Google is advancing in A.I., which is allowing it to upgrade the Google search experience.
One of the big projects is to create a “multimodal” search experience that goes beyond using text and/or speech in search.
Being able to search with images, thanks to advancements in computer vision and generative A.I., is one of Google’s latest innovations in this area.
This is a preview of the wider and upcoming implementation of Google’s Search Generative Experience (SGE), purported to be the future of search.
These latest innovations in A.I. multimodality shows that A.I. is quickly becoming closer to better resembling human intelligence in certain respects.

The Multimodal Experience

For most searchers, a search is done either one of two ways.

You can type in a text prompt, oftentimes a sentence fragment or quasi-literate query, into the Google search bar.

The other times, you may use your voice in a one-on-one convo with Alexa, Siri, Cortana, Google Voice search, and the like. These virtual servants will fetch the search results for you, displaying your choices.

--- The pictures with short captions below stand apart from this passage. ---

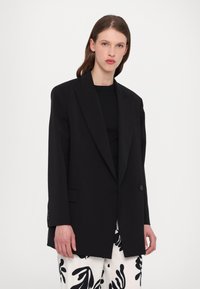 Black blazer with a tailored, oversized fit. Features a single button closure, notch lapels, and two side pockets. Worn over a black top.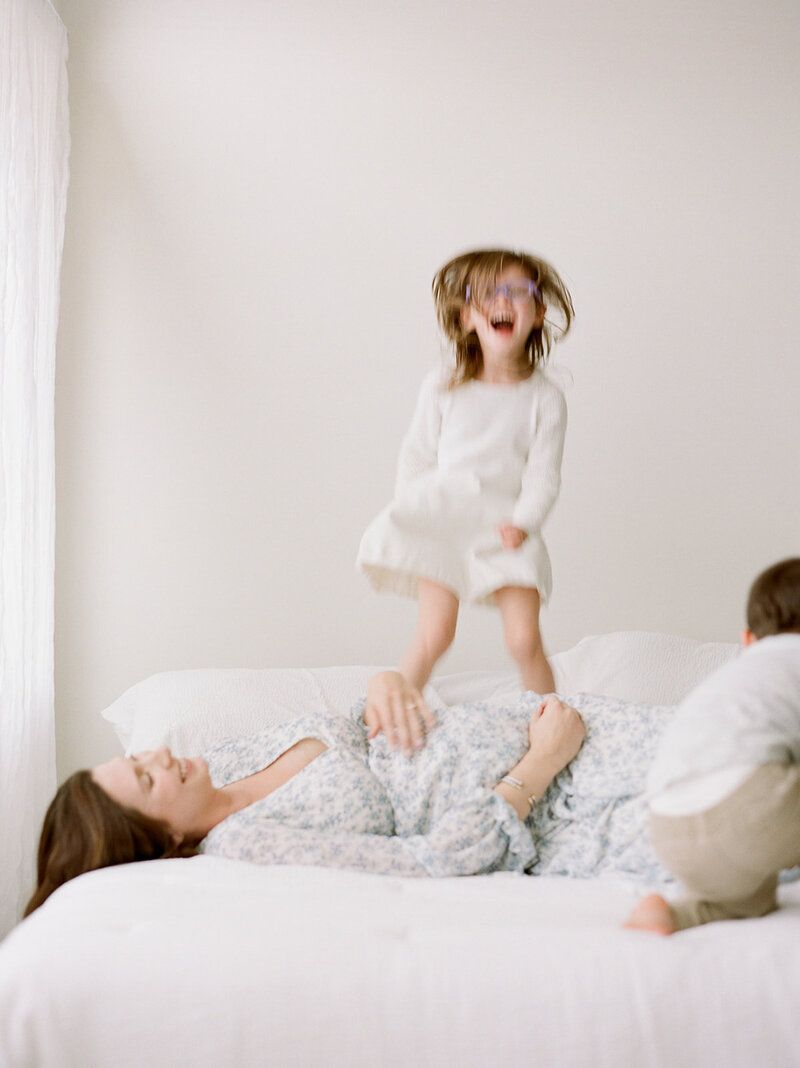 Playful family moment captured as child jumps on bed while others relax.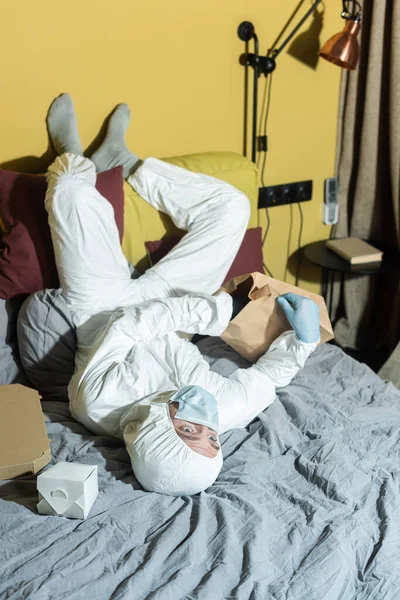 Человек Медицинской Маске Латексных Перчатках Защитном Костюме Лежит Рядом Пакетами — стоковое фото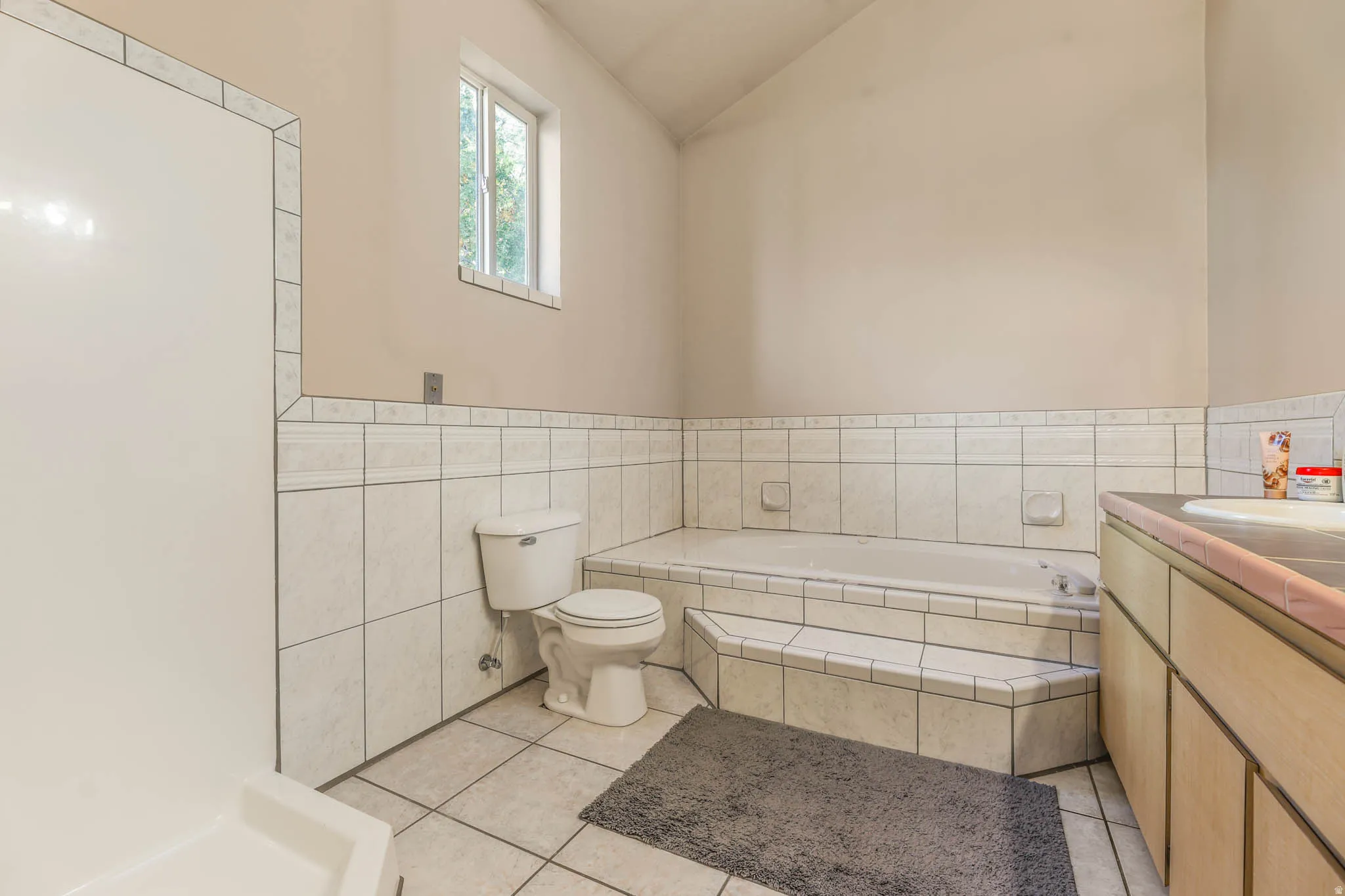 Full bath featuring vanity, a garden tub, light tile patterned floors, lofted ceiling, and tile walls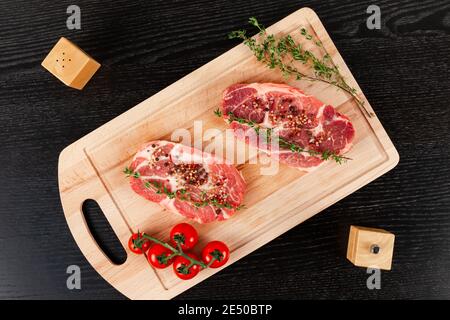 Frisch gehackte rohe Schweinesteaks mit Gewürzen, Tomaten und Thymian auf einem Schneidebrett auf einem schwarzen Holztisch. Neben Pfefferstreuer und Salz schütteln Stockfoto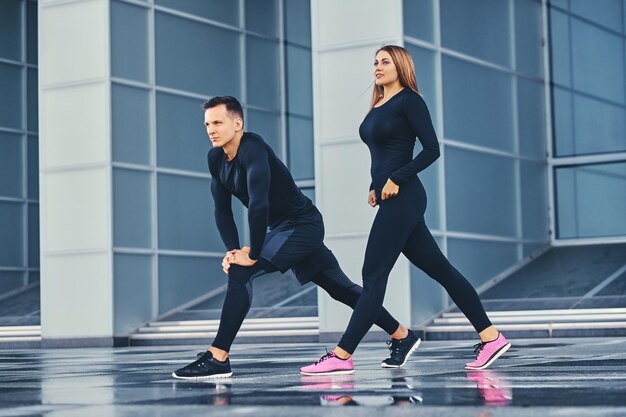 La pareja de fitness atlético se extiende sobre el fondo de un edificio moderno. Imagen de cuerpo completo.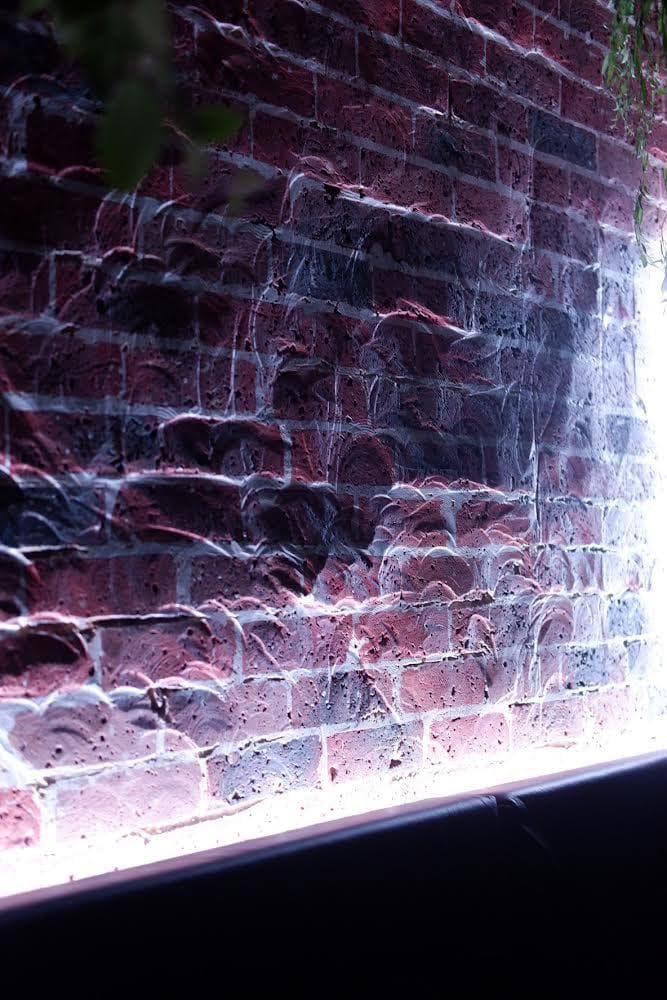 Illuminated brick wall creating moody atmosphere in cocktail bar in Paris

But people who are hip to Google’s Search Generative Experience (SGE) know that these traditional modes of Internet searches are soon to be but two among multiple modes for searches.

The key term to learn here is multimodal, which in the fields of A.I. and machine learning refers to systems that can handle multiple kinds of inputs and outputs.

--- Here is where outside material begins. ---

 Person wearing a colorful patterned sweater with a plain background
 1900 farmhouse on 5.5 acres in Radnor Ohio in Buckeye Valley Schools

A search engine that can take in and offer text inputs and text outputs, respectively, and voice inputs and voice outputs, (again) respectively, is by definition multimodal.

So since Google Search already has text and voice capabilities, it is really just expanding this already multimodal A.I. system to become more…well, multimodal.

More Ways to Search

The most significant example of the newest multimodal search experience is being able to submit a photo to Google’s search engine and get information about the image’s content.

Let us suppose that you are spending all of your vacation time this year on a trip to a region of the world that is so remote it does not even have a formal name, nor is it accounted for on any maps.

While there, you see a very exotic creature that you are sure no one has ever seen before. Because of sophisticated satellite systems far above your head, you have cellular coverage even in this nameless spot of the world. So, you snap a picture and send it to Google search, asking “What animal is this?”

As it turns out, it is just a regular old pangolin, which Google gladly offers oodles of reference photos to you. You also learn that that pangolin is not only critically endangered, but critically dangerous as well, for it could do bone-breaking harm to you were you to encroach upon its territory.

That, in essence, demonstrates how computer-vision A.I., which allows A.I. systems to “see” images and “hear” sounds and act accordingly, has changed the search experience for Google.

Though still images are largely what Google is advertising here, you can expect that even videos and audio beyond voice search will soon become acceptable fodder that you can feed to the search engines.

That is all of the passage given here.